1. Screen defense changed game

It was pretty clear what the Bears' intentions on offense were Sunday. With versatile running back Matt Forte, Chicago was going to spread the Vikings' big personnel out and throw screens until the Vikings proved they had the speed to stop it. "We knew what they were going to run," middle linebacker Eric Kendricks said. "They did spread us out. But we're fast. We're fast and we were expecting it." Kendricks had a tackle for no gain on a bubble screen to receiver Eddie Royal that forced the Bears to settle for a 55-yard field goal on their opening drive. Moments later, one of cornerback Terence Newman's team-high eight tackles was a similar stop to force a punt. "Everyone made their plays when they had to on those screens," Kendricks said. "It was a crucial part of changing the game early."
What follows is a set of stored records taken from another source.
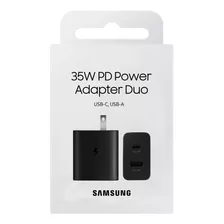 Cargador Samsung 35watts Duo Para Galaxy A72 A52 A32 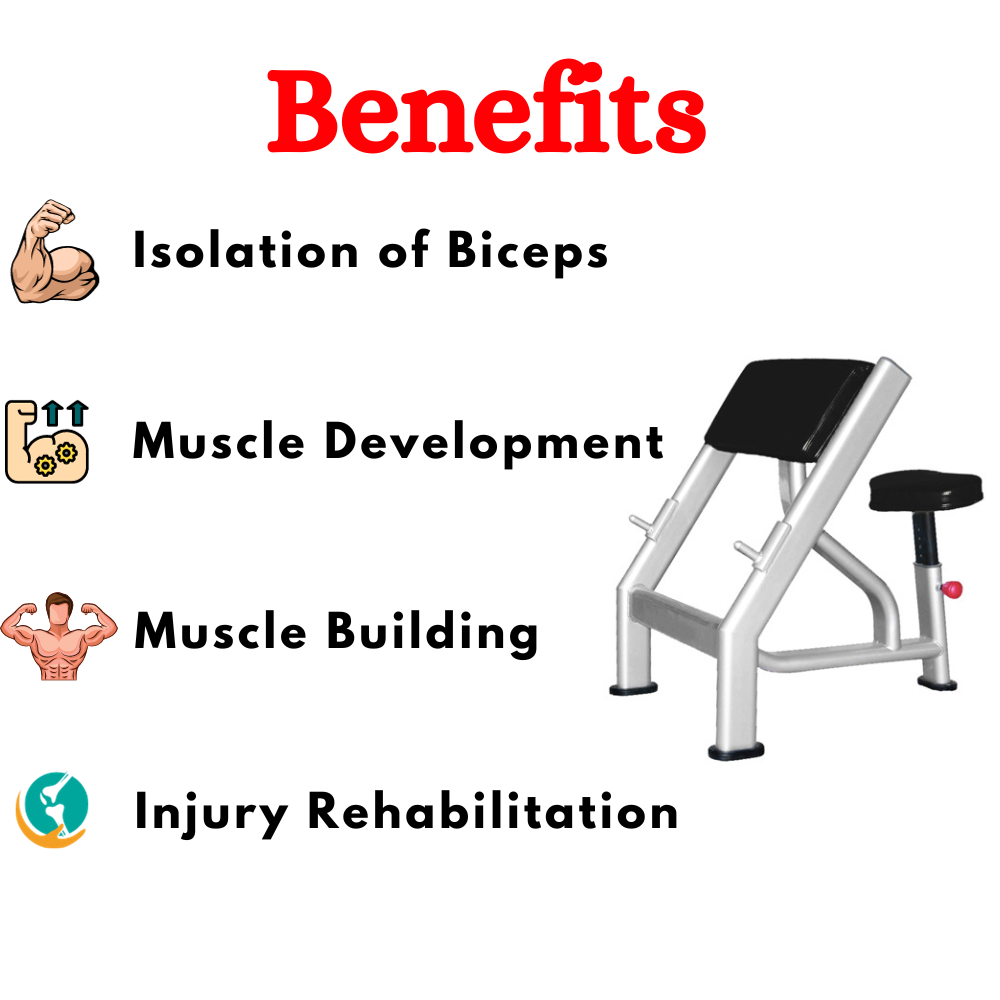 Luxury Scott Bicep & Barbell Curl Bench ER-23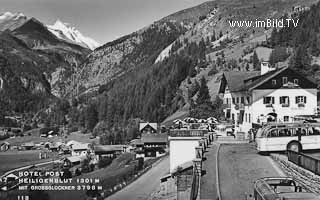 Hotel Post, Heiligenblut - Europa - alte historische Fotos Ansichten Bilder Aufnahmen Ansichtskarten 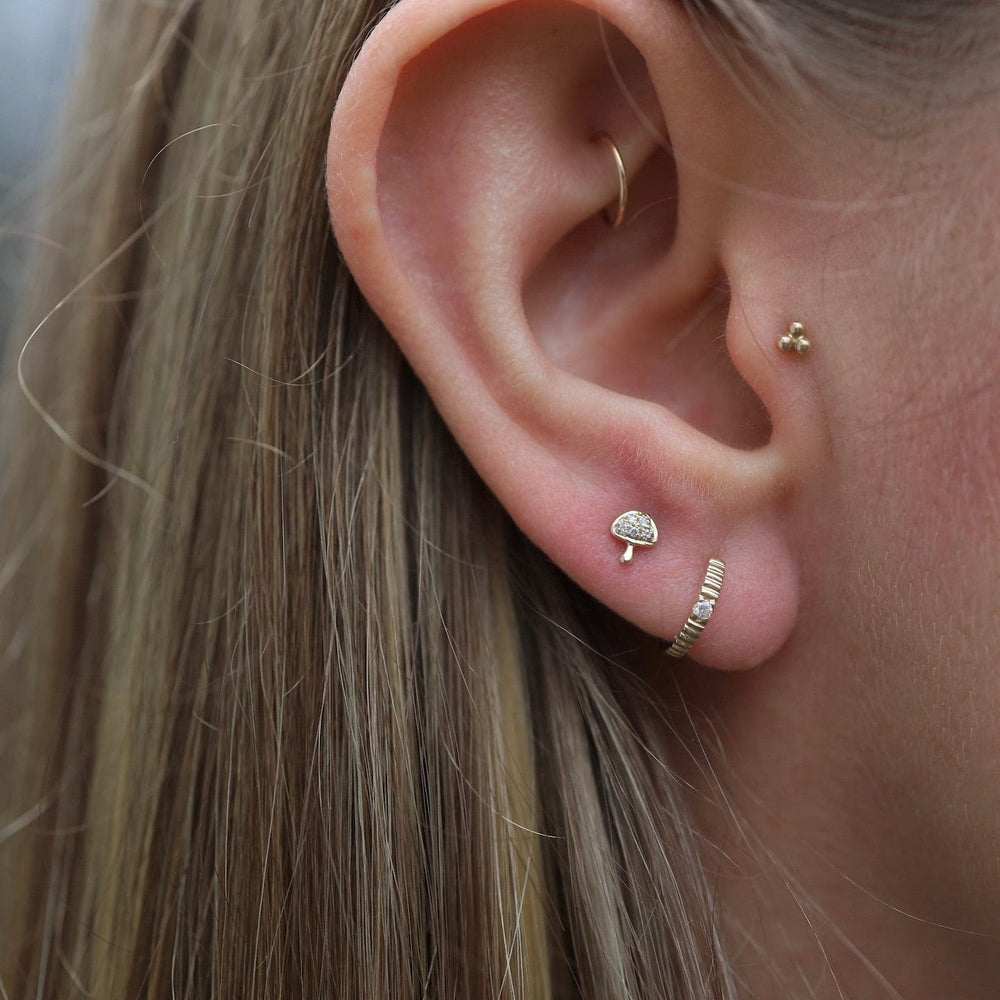 
                      
                        EAR-14K 14k Textured Huggies
                      
                    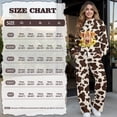 thumbnail image 7 of Xixirimido Highland Cattle Sunflower Cowhide Brown Print Women's 2 Piece Outfits Lounge Set Mock Neck Long Sleeve Sweatshirt With Wide Leg Pants Sweatsuits Fall Fashion Airport Tracksuit, Medium, 7 of 7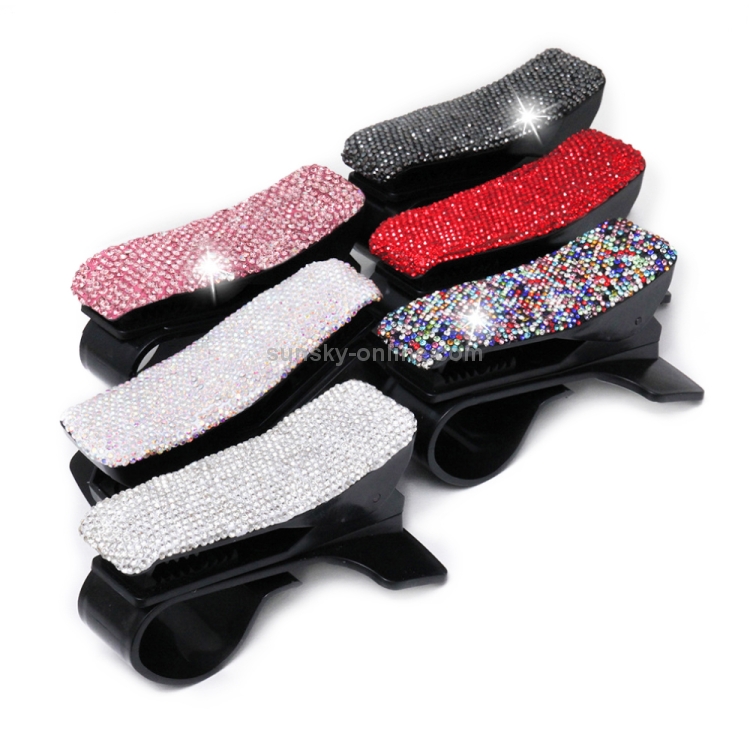 Diamond Car Phone Holder 360 Degree Rotating Creative Car Dashboard Mobile Holders(Red) Diamond Car Phone Holder 360 Degree Rotating Creative Car Dashboard Mobile Holders(Red)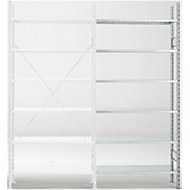 Rayonnage d’extension R 3000, 6 tablettes, l. 1025 mm x P 300 mm, étagères galvanisées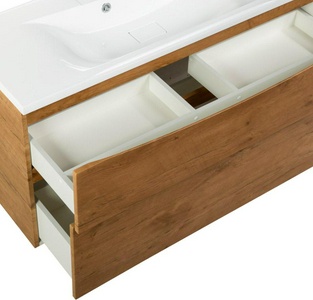 База под раковину подвесная с двумя выкатными ящиками, 1200х450х500мм, (без раковины), (цв.Rovere Nature),  ZZ BelBagno Marino MARINO-H60-1200-2C-SO-RN-P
2. Hang on Andrew, hang on

The only reason the Vikings had a full minute to run their offense at the end of the game is because the Bears had the ball for only 49 seconds during a three-and-out session before that. Yes, Chicago made it easier when rookie running back Jeremy Langford, playing because Forte was hurt, dropped what would have been a first-down reception on third-and-5. But don't undersell the effort by strong safety Andrew Sendejo on first down. It was the 6-1, 210-pound Sendejo who reacted quickly and latched on to the ankles of 6-6, 273-pound tight end Martellus Bennett to hold him to a 5-yard gain. "He ran an in route and I just tried to close as quick as I could and make the tackle," Sendejo said. "He's a big guy. You just have to wrap up anything you can grab and hold on while your buddies help get him down. He's a hard dude to take down."

3. Matt's attack

Third-and-6 on the road is a noise-inducing pain. False-starting to make it third-and-11 is typically a punt waiting to happen. Unless backup running back Matt Asiata has the ball, a head of steam and new star receiver Stefon Diggs willing to do some blocking. All of that came together early in the second quarter after Vikings left tackle Matt Kalil was flagged for a false start. On the next snap, Teddy Bridgewater was pressured from the pocket when he flicked the ball to Asiata in the backfield. "I was the last option for Teddy on that one," Asiata said. "No one was open, so he gave me the ball. I saw Diggs throwing the block and I just went straight north on that one. North and south. That's how I run." Asiata gained 12 yards to extend a drive that ended with a field goal.

4. Pressure was there

A week ago, the Vikings had seven sacks against an outcoached Lions team. Sunday, the Vikings had only one sack. But the pressure was decent and timely. Rookie Danielle Hunter had the third-down sack that forced the punt that Marcus Sherels returned 65 yards for a touchdown. Defensive end Everson Griffen, the Vikings' leader in sacks, didn't have one Sunday. But he applied pressure on Hunter's sack, forced a punt by racing out to drop Forte for no gain on a screen pass on third-and-7 late in the first half. Griffen also had the pressure that forced an incompletion on third-and-6 that led to the Bears missing a 51-yard field-goal attempt.

5. Feast, feast, feast

It didn't take long to notice that the makeshift Bears defensive line would be overmatched against Adrian Peterson. During a five-carry stretch early in the second quarter, Peterson had runs of 11, 9, 12 and 12 yards. Peterson also lost yardage on only one of his 20 carries. We also should note that Chicago's already-thin line was decimated even further with the strange antics and release of starting nose tackle Jeremiah Ratliff on Oct. 22. Eddie Goldman took over for Ratliff. Of the six defensive linemen on the current Chicago roster, only three — Goldman, Will Sutton and Jarvis Jenkins — were with the team in Week 2. Throw in a first-year transition to a 3-4 scheme and, well, Peterson was a little too much for the Bears to consistently handle.